I've looked around and seen very few people doing this. Most suggest 5 gallon batches because this stuff goes so quick, but because I love experimenting and I have a plethora of 1G carboys, that's what I'm making.

I'm impatient, so I abandoned the 24-48 hr waiting period called for in the SP recipe. Here's what I did


Made invert sugar with 3.5 cups of sugar, 1.5 cups of water, and 1.5 cups of Lemon Juice. Brought to a boil and then temp dropped to simmer for 45 minutes.
Topped up to one gallon with cool water
Aerated vigorously every 20-30 mins for 4 hours.
At hour 3, added 1/2 tsp yeast nutrient and 1/2 tsp of yeast energizer.

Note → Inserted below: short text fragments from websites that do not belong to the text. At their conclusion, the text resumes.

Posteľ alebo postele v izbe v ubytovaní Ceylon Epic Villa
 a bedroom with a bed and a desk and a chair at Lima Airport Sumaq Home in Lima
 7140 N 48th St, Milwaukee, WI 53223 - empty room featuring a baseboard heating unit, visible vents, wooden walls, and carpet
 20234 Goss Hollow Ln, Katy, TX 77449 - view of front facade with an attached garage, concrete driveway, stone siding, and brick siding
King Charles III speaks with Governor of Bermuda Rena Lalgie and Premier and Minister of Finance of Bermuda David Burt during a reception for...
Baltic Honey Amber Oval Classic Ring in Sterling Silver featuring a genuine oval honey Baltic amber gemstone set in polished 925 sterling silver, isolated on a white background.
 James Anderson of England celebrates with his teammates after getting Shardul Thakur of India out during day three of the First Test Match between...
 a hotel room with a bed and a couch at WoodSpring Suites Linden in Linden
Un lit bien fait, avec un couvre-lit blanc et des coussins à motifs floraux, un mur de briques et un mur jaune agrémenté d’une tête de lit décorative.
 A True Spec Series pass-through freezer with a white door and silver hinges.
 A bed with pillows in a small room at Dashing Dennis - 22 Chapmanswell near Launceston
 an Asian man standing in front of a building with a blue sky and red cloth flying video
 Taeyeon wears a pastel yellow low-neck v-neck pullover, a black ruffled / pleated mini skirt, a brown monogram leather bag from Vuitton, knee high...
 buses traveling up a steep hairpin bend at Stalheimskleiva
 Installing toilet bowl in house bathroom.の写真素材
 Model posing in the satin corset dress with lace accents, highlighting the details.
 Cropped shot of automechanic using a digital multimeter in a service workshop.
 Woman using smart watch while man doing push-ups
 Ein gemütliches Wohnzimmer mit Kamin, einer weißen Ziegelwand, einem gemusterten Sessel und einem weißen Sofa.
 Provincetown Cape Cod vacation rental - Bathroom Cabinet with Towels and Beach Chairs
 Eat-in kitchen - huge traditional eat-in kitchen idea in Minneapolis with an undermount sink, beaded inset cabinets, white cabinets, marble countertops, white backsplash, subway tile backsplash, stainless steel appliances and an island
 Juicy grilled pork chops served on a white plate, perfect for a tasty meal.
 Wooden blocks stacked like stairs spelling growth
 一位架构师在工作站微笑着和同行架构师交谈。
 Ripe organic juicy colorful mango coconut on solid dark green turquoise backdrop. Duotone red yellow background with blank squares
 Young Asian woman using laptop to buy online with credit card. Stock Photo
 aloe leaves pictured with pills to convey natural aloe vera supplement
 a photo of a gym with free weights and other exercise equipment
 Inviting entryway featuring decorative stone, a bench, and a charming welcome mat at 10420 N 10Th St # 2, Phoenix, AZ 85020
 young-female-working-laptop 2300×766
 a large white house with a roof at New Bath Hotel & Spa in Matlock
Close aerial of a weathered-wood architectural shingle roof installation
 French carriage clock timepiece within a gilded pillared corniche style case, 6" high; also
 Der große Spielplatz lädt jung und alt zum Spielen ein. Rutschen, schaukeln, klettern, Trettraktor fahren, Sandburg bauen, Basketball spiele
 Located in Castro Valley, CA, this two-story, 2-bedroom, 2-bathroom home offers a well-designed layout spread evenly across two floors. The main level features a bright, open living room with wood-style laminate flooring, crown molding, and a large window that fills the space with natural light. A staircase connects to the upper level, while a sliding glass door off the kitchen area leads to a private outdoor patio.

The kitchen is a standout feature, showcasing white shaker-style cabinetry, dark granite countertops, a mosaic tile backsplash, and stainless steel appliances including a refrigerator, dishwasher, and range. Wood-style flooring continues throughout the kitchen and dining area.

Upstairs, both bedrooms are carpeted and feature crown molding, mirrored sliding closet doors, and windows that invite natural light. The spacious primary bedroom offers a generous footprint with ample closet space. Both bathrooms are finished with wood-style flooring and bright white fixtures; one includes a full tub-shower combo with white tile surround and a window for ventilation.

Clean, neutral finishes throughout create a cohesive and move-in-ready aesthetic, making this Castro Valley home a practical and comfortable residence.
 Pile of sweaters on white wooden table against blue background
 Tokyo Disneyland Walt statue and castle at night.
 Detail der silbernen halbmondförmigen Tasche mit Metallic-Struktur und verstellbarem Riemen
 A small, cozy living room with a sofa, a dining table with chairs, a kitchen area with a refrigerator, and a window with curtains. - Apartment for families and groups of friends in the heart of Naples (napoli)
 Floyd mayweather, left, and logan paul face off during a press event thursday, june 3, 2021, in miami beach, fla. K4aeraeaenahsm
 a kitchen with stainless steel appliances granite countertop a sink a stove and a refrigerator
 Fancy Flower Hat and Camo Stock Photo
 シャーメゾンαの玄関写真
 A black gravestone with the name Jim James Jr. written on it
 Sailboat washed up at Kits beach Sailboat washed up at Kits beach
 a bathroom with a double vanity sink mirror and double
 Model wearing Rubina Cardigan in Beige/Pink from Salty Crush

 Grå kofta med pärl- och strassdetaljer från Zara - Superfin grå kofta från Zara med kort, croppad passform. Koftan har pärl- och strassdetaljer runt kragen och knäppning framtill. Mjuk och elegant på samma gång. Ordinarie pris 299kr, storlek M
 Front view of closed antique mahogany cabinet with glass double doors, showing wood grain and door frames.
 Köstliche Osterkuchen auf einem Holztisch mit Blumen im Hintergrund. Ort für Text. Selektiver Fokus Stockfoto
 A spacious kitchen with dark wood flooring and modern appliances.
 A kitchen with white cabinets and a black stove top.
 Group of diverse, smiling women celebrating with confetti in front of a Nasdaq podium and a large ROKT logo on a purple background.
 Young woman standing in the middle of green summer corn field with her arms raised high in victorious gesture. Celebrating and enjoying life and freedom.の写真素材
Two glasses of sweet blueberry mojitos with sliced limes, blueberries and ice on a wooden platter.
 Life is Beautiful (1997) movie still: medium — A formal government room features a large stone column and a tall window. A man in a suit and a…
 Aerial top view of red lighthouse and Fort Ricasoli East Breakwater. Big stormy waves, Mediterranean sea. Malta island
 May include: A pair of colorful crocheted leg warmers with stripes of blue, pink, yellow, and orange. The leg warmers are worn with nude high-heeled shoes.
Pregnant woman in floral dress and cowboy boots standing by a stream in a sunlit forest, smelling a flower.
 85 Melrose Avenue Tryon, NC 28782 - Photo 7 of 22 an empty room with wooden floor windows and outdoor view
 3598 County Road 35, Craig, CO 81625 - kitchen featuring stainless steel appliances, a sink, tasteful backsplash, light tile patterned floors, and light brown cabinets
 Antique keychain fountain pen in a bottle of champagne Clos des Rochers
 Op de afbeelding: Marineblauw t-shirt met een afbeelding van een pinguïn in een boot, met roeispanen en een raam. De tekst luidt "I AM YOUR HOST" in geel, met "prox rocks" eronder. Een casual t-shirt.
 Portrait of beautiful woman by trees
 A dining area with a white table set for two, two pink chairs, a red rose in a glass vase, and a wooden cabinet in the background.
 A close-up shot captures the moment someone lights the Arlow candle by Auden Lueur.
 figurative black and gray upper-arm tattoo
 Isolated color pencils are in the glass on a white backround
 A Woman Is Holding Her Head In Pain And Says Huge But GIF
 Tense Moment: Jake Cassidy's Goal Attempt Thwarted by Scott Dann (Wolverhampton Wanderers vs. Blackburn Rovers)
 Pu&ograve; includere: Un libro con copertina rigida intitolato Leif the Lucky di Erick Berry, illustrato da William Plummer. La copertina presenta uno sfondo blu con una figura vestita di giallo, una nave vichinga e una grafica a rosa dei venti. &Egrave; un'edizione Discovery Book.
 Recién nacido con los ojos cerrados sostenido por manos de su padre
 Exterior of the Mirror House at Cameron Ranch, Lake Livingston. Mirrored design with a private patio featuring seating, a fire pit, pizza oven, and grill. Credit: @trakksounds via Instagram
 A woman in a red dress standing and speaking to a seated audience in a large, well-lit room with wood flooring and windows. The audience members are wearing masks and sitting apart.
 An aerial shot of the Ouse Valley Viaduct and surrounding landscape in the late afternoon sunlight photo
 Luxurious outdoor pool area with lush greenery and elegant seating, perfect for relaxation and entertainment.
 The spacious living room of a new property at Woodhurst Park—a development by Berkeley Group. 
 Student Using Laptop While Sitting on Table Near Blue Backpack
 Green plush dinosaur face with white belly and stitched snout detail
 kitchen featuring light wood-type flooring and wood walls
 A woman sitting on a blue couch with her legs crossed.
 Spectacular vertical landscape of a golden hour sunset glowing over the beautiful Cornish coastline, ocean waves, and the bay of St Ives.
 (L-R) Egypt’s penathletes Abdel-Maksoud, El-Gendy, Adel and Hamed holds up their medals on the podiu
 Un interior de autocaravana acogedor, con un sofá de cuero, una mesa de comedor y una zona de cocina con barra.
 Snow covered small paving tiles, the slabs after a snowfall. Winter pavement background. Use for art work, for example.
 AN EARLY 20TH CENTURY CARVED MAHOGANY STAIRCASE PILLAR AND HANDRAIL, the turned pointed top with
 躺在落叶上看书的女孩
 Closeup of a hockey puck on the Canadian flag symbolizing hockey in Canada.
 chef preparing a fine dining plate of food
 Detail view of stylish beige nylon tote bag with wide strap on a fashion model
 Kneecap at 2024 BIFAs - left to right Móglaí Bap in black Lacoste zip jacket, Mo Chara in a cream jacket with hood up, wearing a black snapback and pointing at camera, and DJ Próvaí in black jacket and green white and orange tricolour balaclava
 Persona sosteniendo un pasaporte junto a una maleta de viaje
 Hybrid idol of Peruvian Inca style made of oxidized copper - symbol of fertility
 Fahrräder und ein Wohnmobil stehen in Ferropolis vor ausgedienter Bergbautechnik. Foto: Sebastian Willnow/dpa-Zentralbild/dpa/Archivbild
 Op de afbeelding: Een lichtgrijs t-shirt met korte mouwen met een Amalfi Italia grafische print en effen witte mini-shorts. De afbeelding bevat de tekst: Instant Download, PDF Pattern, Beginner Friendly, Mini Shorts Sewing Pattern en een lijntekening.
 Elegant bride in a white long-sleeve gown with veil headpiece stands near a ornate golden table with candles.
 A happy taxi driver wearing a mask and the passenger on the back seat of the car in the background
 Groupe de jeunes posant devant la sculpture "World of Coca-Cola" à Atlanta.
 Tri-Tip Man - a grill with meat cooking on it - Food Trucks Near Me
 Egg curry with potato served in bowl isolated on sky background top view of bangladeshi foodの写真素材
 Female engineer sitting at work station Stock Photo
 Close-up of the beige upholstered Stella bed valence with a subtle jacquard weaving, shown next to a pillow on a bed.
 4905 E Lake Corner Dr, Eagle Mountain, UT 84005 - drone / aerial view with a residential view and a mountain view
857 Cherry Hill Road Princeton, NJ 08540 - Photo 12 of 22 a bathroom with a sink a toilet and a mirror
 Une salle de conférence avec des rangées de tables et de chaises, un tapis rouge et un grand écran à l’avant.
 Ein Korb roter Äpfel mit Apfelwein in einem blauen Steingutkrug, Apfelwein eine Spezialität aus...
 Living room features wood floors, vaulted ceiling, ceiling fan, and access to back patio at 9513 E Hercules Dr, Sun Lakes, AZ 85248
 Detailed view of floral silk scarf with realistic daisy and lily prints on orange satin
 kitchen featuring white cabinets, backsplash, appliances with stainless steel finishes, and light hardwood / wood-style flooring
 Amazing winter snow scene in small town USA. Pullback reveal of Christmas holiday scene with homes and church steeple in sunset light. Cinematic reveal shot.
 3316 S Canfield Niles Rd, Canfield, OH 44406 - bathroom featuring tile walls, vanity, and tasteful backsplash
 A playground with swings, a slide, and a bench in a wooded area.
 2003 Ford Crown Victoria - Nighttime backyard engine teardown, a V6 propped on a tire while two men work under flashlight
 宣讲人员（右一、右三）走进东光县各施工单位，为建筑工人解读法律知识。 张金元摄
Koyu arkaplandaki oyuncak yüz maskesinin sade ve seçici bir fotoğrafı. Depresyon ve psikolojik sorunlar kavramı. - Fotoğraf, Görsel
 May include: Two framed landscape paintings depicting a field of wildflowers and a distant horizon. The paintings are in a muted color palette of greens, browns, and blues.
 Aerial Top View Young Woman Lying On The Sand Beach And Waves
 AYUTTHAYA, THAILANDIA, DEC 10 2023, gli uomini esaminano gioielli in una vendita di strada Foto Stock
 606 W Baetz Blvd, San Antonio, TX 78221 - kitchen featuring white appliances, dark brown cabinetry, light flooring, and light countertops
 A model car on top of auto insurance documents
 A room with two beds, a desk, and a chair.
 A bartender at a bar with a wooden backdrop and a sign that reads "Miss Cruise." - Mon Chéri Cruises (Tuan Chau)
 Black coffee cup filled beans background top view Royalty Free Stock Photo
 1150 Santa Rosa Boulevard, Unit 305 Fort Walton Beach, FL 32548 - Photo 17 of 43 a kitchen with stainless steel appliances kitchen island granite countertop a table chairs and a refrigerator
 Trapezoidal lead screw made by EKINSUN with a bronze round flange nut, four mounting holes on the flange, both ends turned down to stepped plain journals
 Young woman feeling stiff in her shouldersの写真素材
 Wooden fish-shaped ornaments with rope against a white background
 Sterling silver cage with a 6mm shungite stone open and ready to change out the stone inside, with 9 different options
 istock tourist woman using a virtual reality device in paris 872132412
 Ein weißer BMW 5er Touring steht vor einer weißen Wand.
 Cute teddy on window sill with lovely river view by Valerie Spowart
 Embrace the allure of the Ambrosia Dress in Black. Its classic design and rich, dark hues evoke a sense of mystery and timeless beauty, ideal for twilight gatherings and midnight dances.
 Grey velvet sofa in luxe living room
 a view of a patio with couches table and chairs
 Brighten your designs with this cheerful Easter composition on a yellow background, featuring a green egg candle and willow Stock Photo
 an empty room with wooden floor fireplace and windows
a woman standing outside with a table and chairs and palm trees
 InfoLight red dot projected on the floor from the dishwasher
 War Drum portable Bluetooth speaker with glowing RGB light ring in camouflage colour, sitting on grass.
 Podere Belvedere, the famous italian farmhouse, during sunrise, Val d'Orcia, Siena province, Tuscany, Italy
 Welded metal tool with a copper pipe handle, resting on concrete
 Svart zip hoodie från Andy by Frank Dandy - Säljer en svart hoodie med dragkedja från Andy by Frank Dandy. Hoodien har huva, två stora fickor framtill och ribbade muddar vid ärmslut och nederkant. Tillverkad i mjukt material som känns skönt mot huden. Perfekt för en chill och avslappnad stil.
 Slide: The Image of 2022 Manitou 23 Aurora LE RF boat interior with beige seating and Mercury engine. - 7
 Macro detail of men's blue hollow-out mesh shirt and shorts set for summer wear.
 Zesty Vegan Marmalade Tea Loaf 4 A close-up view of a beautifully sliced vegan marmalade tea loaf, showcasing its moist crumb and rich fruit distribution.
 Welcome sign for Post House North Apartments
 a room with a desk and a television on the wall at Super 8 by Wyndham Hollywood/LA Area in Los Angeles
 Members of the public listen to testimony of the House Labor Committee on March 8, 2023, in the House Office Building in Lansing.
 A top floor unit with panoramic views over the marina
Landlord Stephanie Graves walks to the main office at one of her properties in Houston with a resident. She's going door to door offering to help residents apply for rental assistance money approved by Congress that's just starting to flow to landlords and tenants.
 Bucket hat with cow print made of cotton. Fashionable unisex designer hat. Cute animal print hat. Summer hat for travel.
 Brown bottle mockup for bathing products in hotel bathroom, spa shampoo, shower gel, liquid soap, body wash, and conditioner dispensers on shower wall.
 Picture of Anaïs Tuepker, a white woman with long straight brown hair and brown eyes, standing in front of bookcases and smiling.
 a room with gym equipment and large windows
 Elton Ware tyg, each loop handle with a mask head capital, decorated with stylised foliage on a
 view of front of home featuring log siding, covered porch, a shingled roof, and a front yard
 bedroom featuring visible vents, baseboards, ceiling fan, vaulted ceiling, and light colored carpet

Hour 4, pitched 1 packet of Red Star champagne yeast. I have a slurry from a banana wine I could've used but I wanted to see if I could do this as "last minute" as possible 

Threw on airlock and went to bed

Woke up this morning roughly 8 hours after pitching yeast and fermentation has kicked up. Will update as I go. My hydrometer rolled off the counter this morning, so I'm doing this batch without a hydrometer, I'm pretty excited to go in for a blind taste test at the end of fermentation.

Edit: If anyone is interested, I'm fermenting this at 65F. I usually shoot for around 68F-72F but it's unseasonably hot in my state right now so we've got the AC cranked.


----------



## Mdrew (Nov 6, 2019)

I love me some skeeter pee, I'd love to hear how this one went.


----------



## ithink2020 (Apr 9, 2020)

ConAcide said:


> I've looked around and seen very few people doing this. Most suggest 5 gallon batches because this stuff goes so quick, but because I love experimenting and I have a plethora of 1G carboys, that's what I'm making.
> 
> I'm impatient, so I abandoned the 24-48 hr waiting period called for in the SP recipe. Here's what I did
> 
> ...



How did it turn out?


----------